Trump picks Coats for intel director
WASHINGTON: President-elect Donald Trump yesterday formally announced former Indiana Senator Dan Coats as his pick for US director of national intelligence. A mild-mannered former ambassador to Germany who also served on the Senate Intelligence Committee, Coats was widely tipped for the job coordinating 16 intelligence and security agencies - a position Trump may slim down. “Dan has clearly demonstrated the deep subject matter expertise and sound judgment required to lead our intelligence community,” Trump said in a statement.
“If confirmed as Director of National Intelligence, he will provide unwavering leadership that the entire intelligence community can respect, and will spearhead my administration’s ceaseless vigilance against those who seek to do us harm.” The announcement comes a day after the Republican presidentelect met the country’s leading intelligence agency chiefs - including the current director of national intelligence, James Clapper, and CIA chief John Brennan - who told him that Russian President Vladimir Putin directed a vast cyberattack against mainly Democratic organizations aimed at helping install Trump in the White House.

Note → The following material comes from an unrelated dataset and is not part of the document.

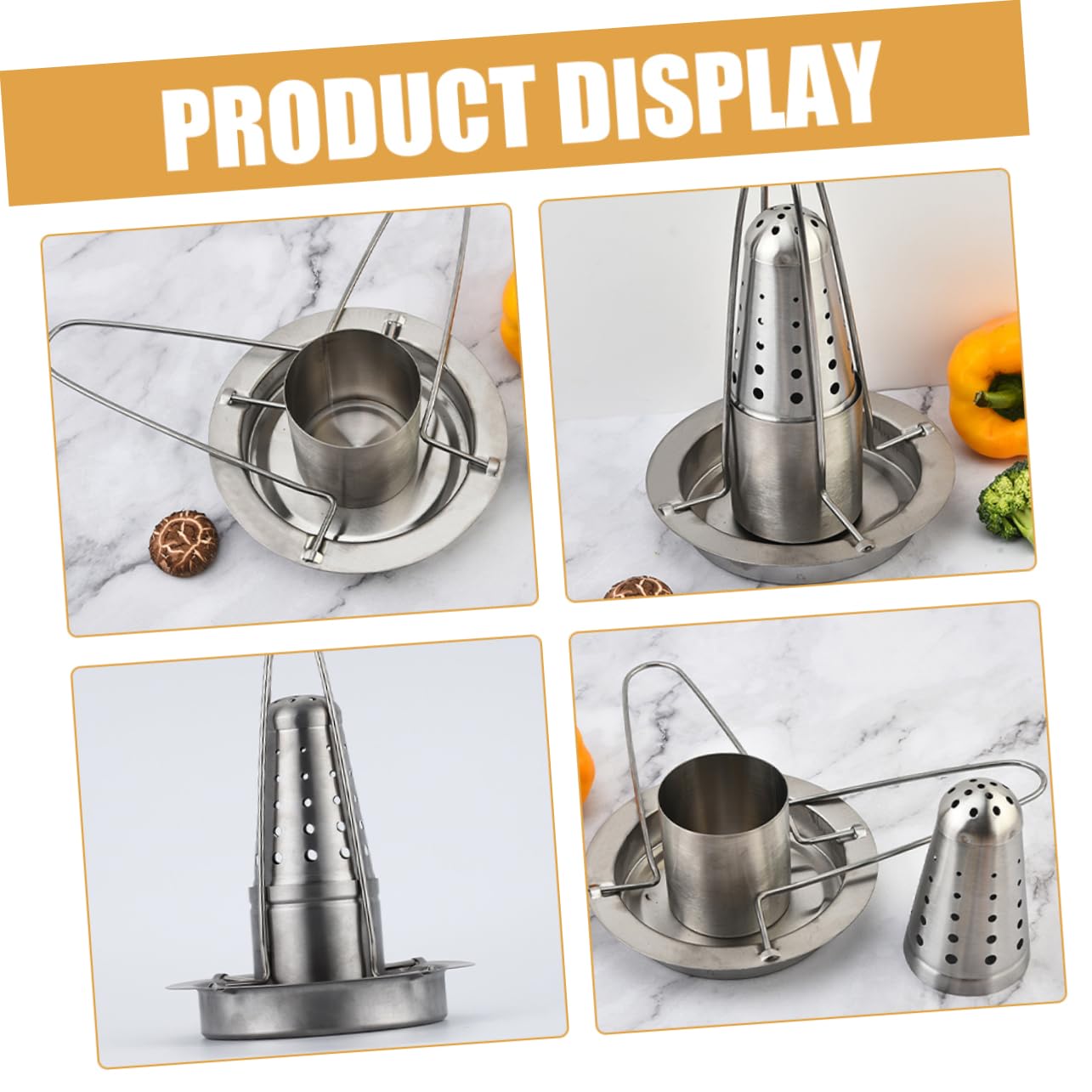 BESPORTBLE Supporto per Pollo in Acciaio Inox, Griglia Leggera e Compatta per Barbecue all’Aperto, Resistente e Facile da Pulire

But the selection of Coats, 73, may go some way toward reassuring those critical of Trump’s praise for Putin and stated desire to improve relations with Moscow. Coats - who served as a Republican senator from Indiana from 1989 to 1999, and then from 2011 to the end of his term on Tuesday - was one of six US legislators and three White House aides blacklisted by Moscow in 2014 in reprisal for US sanctions placed on the country for its seizure of the Crimean Peninsula from Ukraine.